> _WHAT YOU NEED TO DO_
Please transcribe the data exactly as shown, skipping the images.

> _PROVIDED DATA_
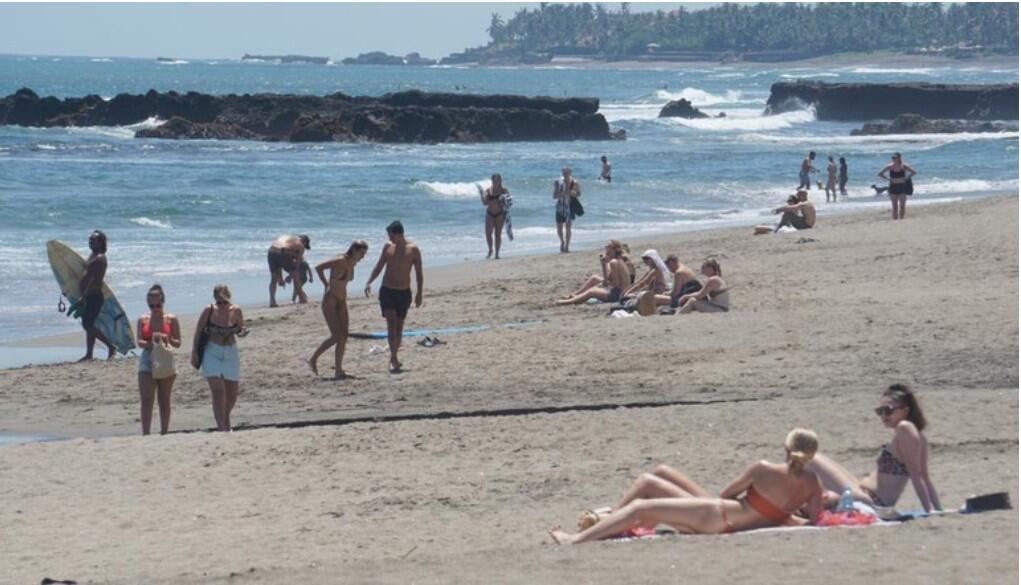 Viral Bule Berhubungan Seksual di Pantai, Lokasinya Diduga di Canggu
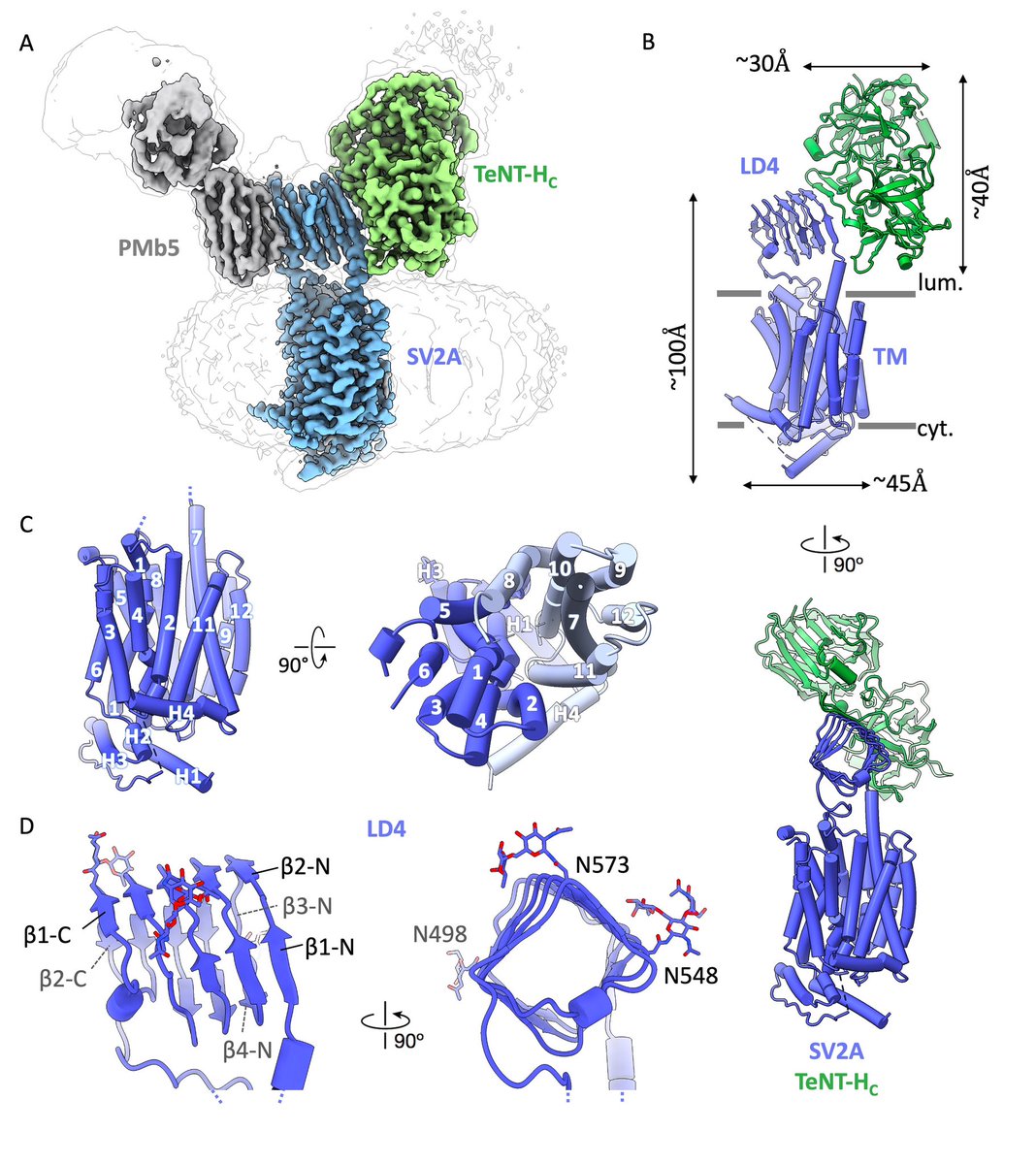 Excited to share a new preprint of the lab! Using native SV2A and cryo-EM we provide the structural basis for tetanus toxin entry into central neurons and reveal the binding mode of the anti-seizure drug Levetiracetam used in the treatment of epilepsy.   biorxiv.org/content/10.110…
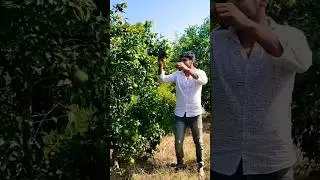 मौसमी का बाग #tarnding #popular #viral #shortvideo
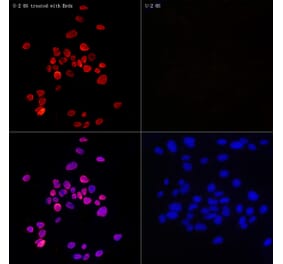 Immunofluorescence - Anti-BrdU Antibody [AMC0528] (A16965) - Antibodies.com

> _COMPLETED EXERCISE_
 Viral Bule Berhubungan Seksual di Pantai, Lokasinya Diduga di Canggu
 Excited to share a new preprint of the lab! Using native SV2A and cryo-EM we provide the structural basis for tetanus toxin entry into central neurons and reveal the binding mode of the anti-seizure drug Levetiracetam used in the treatment of epilepsy.   biorxiv.org/content/10.110…
 मौसमी का बाग #tarnding #popular #viral #shortvideo
 Immunofluorescence - Anti-BrdU Antibody [AMC0528] (A16965) - Antibodies.com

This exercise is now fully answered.